For another, so long as he was alive Jericho would keep popping up in Maya's life. Will doubted the other man would manage a second escape; he would be shipped off to a super-max prison now, no more rinky-dink minimum security facilities, and guarded much more closely. Nevertheless, someday he would be released – probably not in the next decade, although the guard he had stabbed looked likely to survive, but someday – and then Maya would have to deal with him all over again.

Will assumed that Maya loved her brother, because Maya was a good, forgiving person. He didn't want to cause her further pain by ripping yet another person she loved out of her life; he didn't want to be connected in her mind with even more sorrow and suffering than he already was, either. None of that, though, swayed Will from his conviction that Maya would ultimately be safer and happier once her brother was permanently removed from the picture.

So Will would kill Jericho Sanders, then, and be done with it. The question was, how to carry off the assassination so that the Partners were pleased with the outcome (meaning the sanctity and secrecy of Hometown were absolutely protected) and so that Maya never learned of Will's involvement in her brother's death?

It took Will most of the day to work it out. He mentally rifled through dozens of scenarios, some fantastic and some plausible, but he finally hit on the solution thanks to a rather mundane event.

His compilation of "evidence" against Jay and Tyler finished for another six weeks, around five o'clock, as Maya prepared to put a delicious-smelling dinner of pumpkin soup and homemade potato bread on the table, Will carted the materials down to her basement. There he filed them away in the fire-proof boxes where they would be stored until he had time to take them to Joseph in New York, probably over Yale's month-long winter break. Turning to head back upstairs, Will banged his shin hard against the corner of the lowest shelf beneath the stairs.

Will winced. Almost immediately, he felt a warm trickle of blood slide down his leg; lifting the cuff of his jeans, he saw that the shelf's sharp, splintery edge had cut a gash across his shin-bone, slicing through a long, thin scar that already ran vertically from his knee to his ankle on that leg.
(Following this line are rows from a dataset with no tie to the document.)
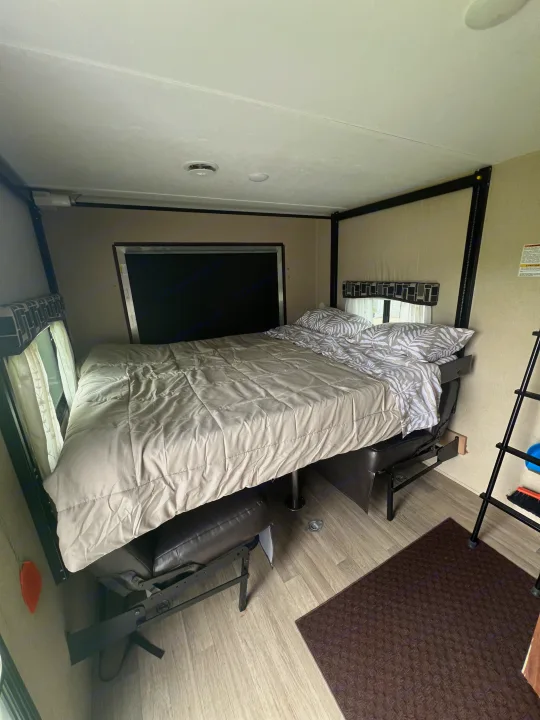 This RV rental interior showcases an elevated bed with light bedding and leaf-patterned pillows, positioned over a seating area, with a dark floor mat.. Coleman Lantern Series 2016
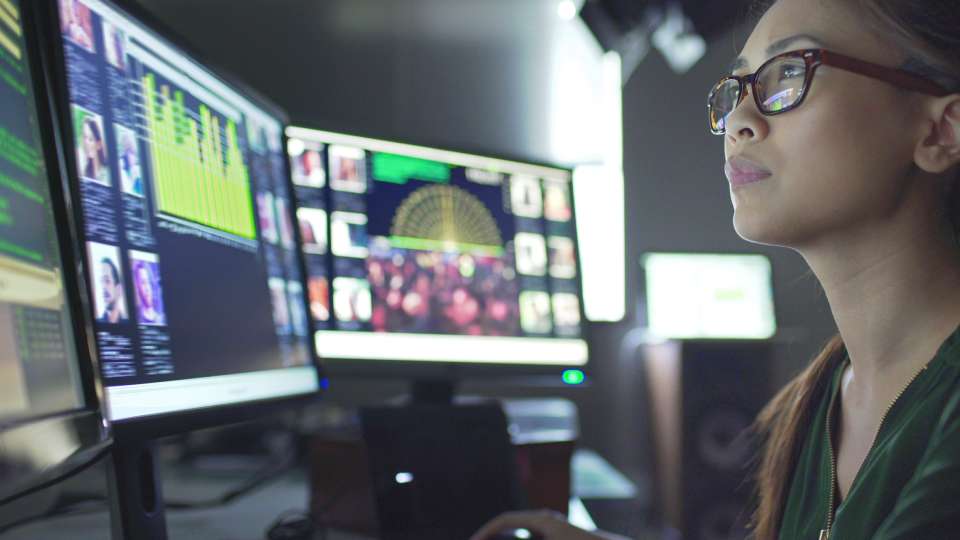 Na foto, há um mulher olhando para dois computadores a frente - Metrópoles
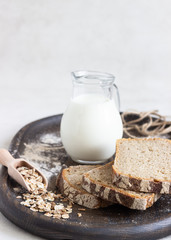 Loaf of sliced rye bread on old wooden tray. 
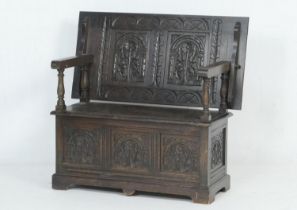 Late Victorian or Edwardian carved oak monk's bench, the lifting top with a lunette carved frieze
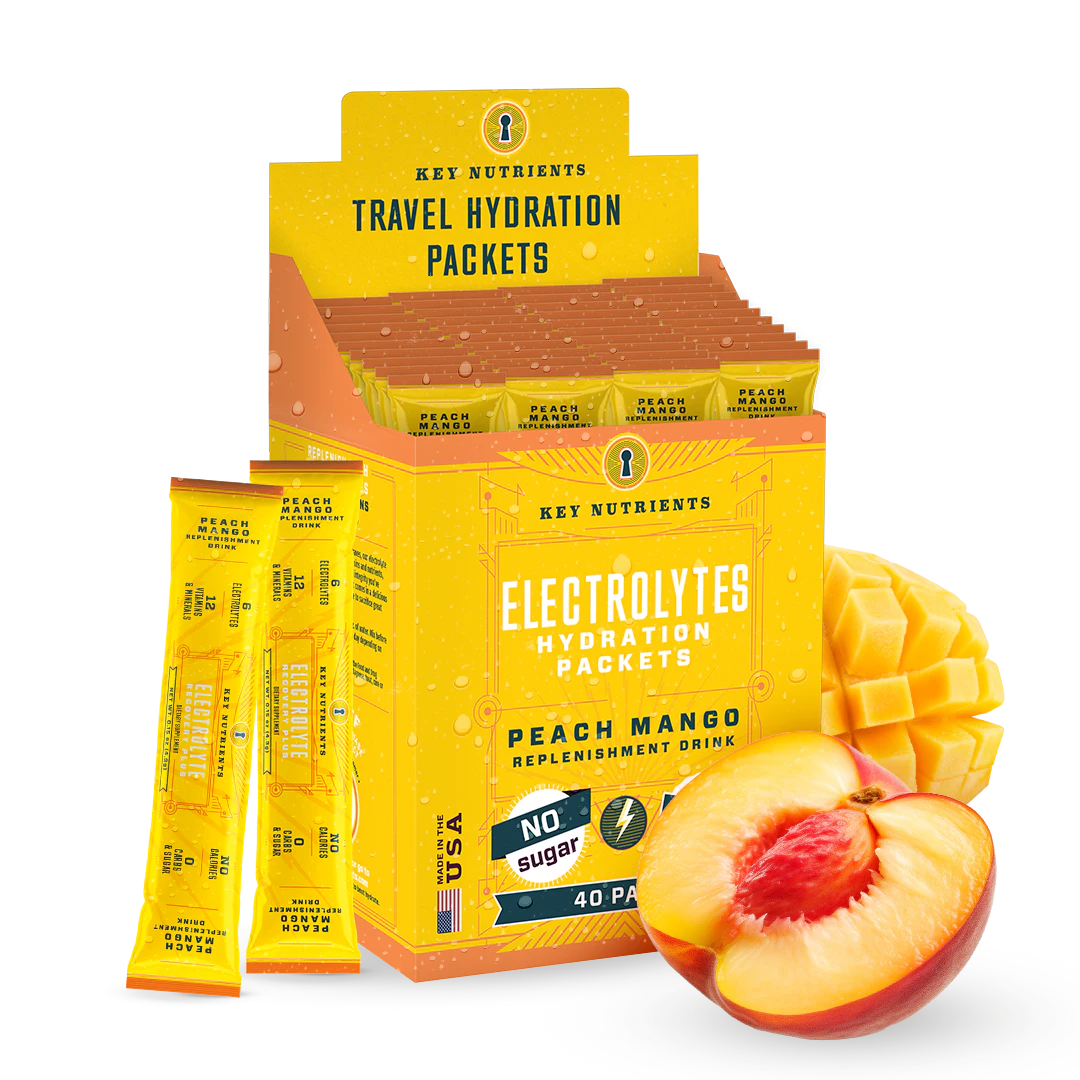 Electrolyte Recovery Plus Powder (Sugar-Free) in peach and mango flavor is ideal for a keto diet, complemented by the imagery of sliced peaches and mangoes. Enjoy this tasty hydration drink to keep refreshed and balanced all day long.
Fifteen stitches, Will recalled with a grimace, slipping off his sock and using it to staunch the flow of blood. He had put fifteen stitches into that leg after falling (like a klutz) onto an old rusted piece of metal out by Maya's lake back in July. And then he had, later that same night after Maya went to bed, sewn seven stitches back in where the fight with the Pruitt brothers had torn them open –

Andrew Pruitt. Of course.

Will's amazing brain spiraled through a rapid-fire series of connections, which came together in such a neat, elegant web that Will couldn't believe he hadn't seen what was right in front of his eyes this entire time. Andrew Pruitt had been arrested less than two weeks after Jericho and Maya; he had blamed Maya for turning state's evidence on him because she had been released without charges, but obviously, Will knew she hadn't told the cops anything. Jericho, on the other hand, had ended up with a six-year sentence to a minimum security facility, with the possibility of early release for good behavior in as little as two years, despite being charged with a rather serious felony (possession with intent to distribute). Practically a slap on the wrist for a twenty-five-year-old with four previous drug-related convictions, plus a rap sheet of offenses like assault and DUI that he had begun accruing at the tender age of sixteen.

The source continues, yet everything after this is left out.